Work task
From the records below, please print only the lines from the one containing "timbre de tortue" through the one containing "regalo limoni", both included. Skip the pictures.

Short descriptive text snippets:

━━━━━━━━

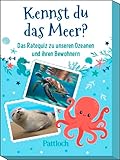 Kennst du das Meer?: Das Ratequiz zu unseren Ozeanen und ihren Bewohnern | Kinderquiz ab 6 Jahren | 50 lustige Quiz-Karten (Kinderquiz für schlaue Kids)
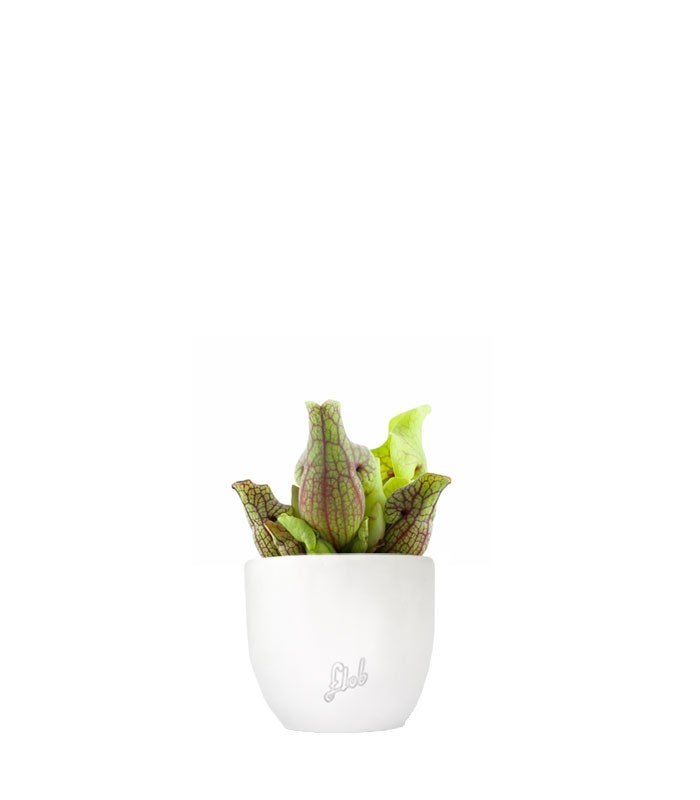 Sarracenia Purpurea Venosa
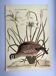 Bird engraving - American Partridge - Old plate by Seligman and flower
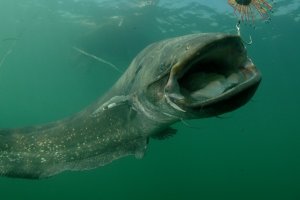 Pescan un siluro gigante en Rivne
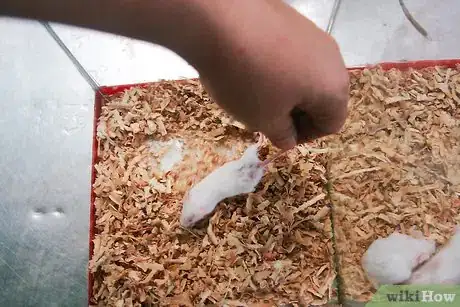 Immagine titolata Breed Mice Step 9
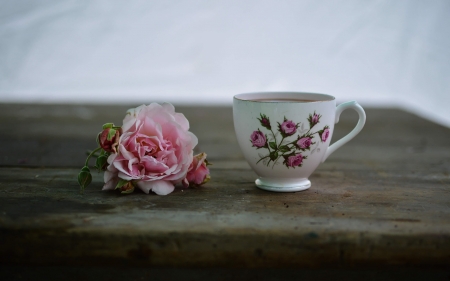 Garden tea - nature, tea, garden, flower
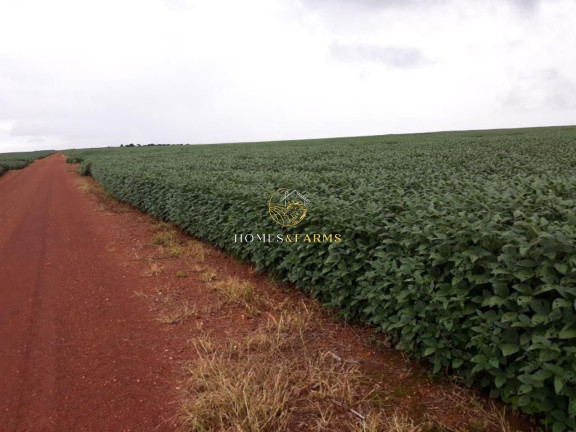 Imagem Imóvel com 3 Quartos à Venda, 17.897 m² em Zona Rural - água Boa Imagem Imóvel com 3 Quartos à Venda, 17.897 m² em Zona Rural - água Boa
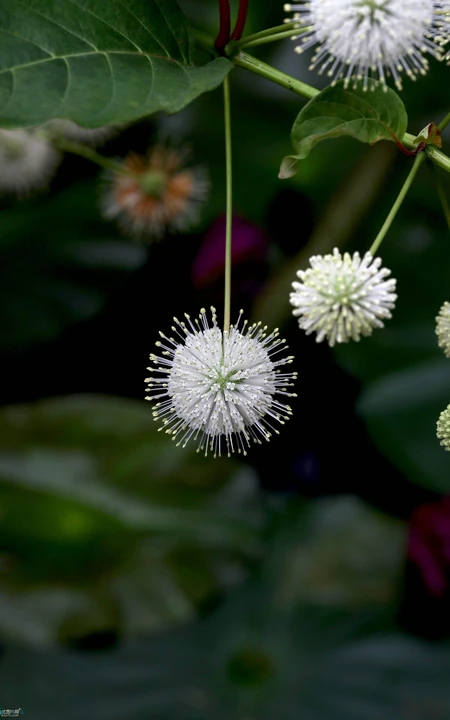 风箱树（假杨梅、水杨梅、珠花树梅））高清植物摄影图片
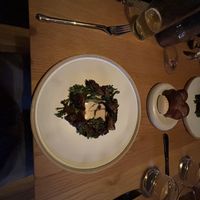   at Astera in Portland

━━━━━━━━

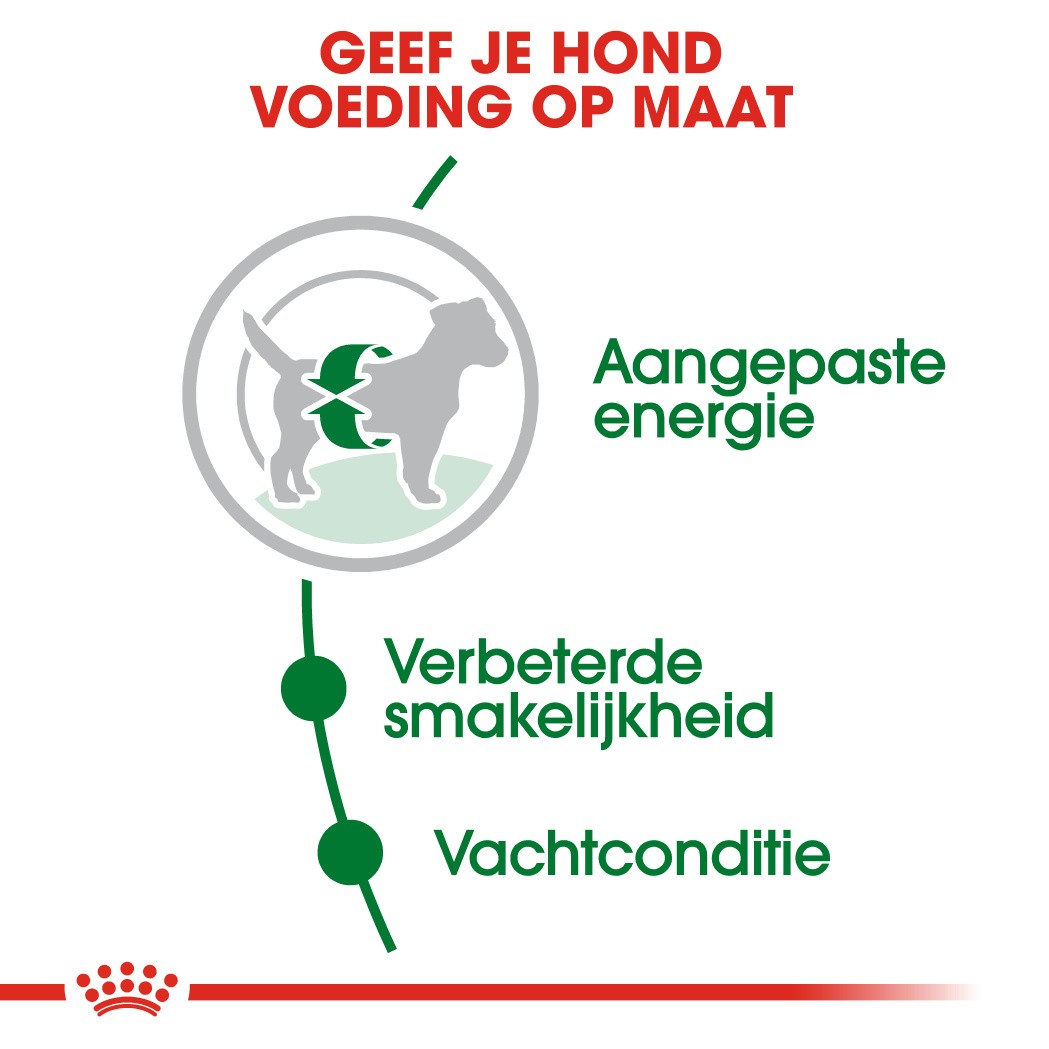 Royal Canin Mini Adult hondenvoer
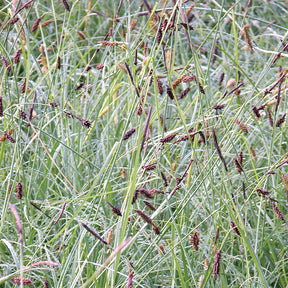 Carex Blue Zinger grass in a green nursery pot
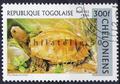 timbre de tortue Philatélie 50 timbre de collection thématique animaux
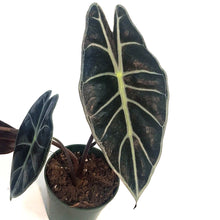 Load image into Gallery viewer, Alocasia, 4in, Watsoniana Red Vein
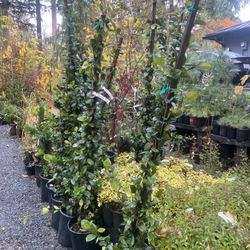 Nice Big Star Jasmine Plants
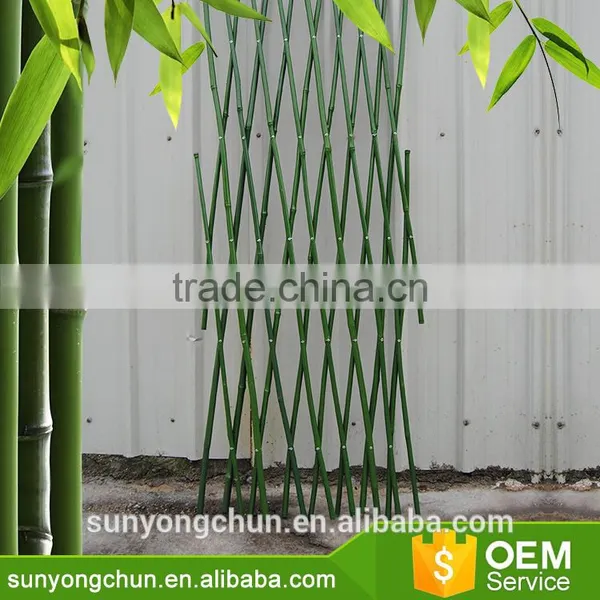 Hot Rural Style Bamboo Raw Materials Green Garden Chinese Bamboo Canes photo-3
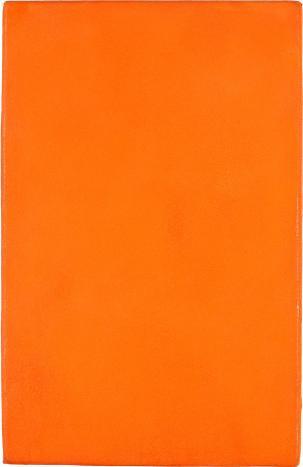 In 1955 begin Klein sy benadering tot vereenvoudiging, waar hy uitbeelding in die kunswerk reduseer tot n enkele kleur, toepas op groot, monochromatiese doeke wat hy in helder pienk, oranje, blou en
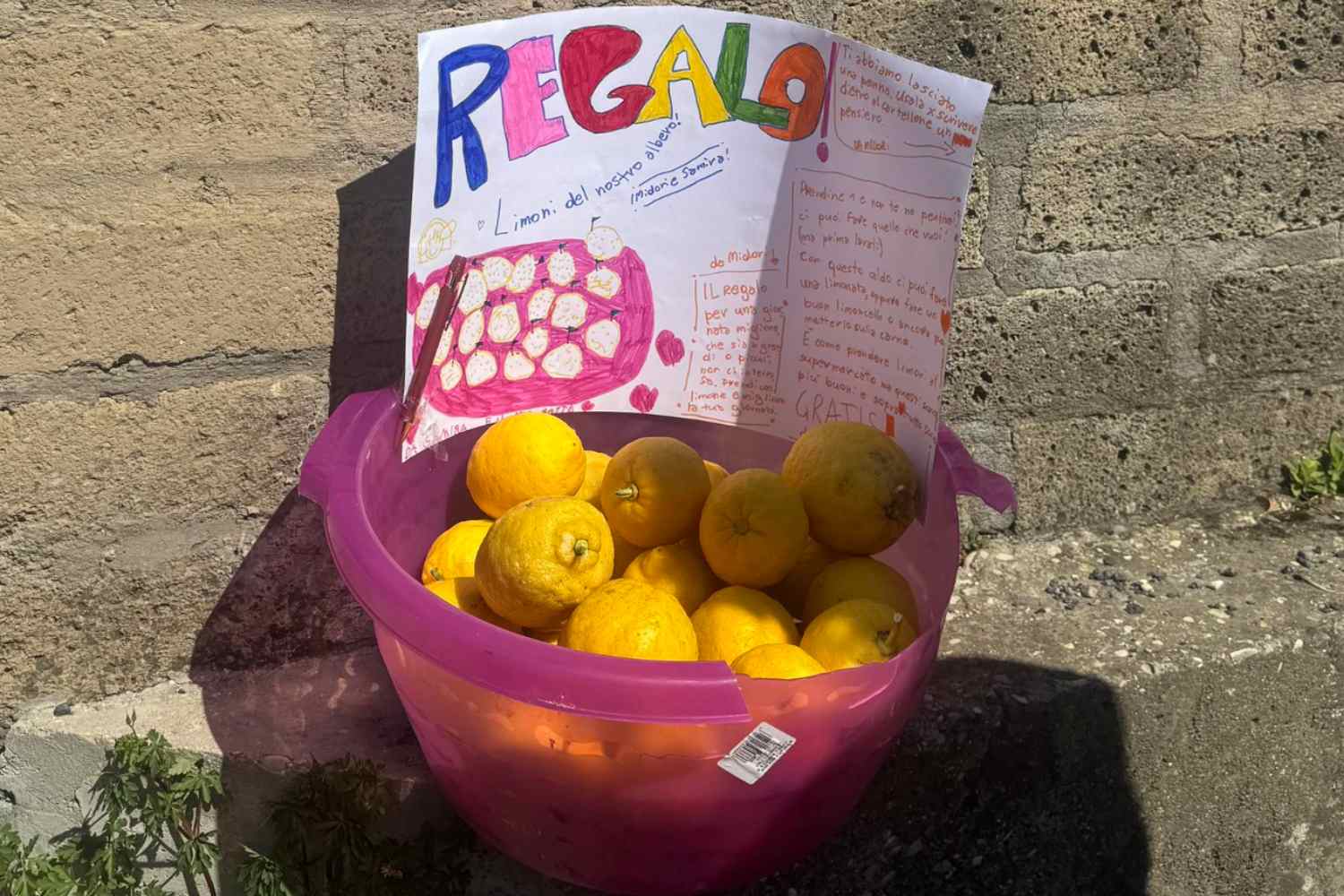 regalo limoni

━━━━━━━━

Result for this exercise
 timbre de tortue Philatélie 50 timbre de collection thématique animaux
 Load image into Gallery viewer, Alocasia, 4in, Watsoniana Red Vein
 Nice Big Star Jasmine Plants
 Hot Rural Style Bamboo Raw Materials Green Garden Chinese Bamboo Canes photo-3
 In 1955 begin Klein sy benadering tot vereenvoudiging, waar hy uitbeelding in die kunswerk reduseer tot n enkele kleur, toepas op groot, monochromatiese doeke wat hy in helder pienk, oranje, blou en
 regalo limoni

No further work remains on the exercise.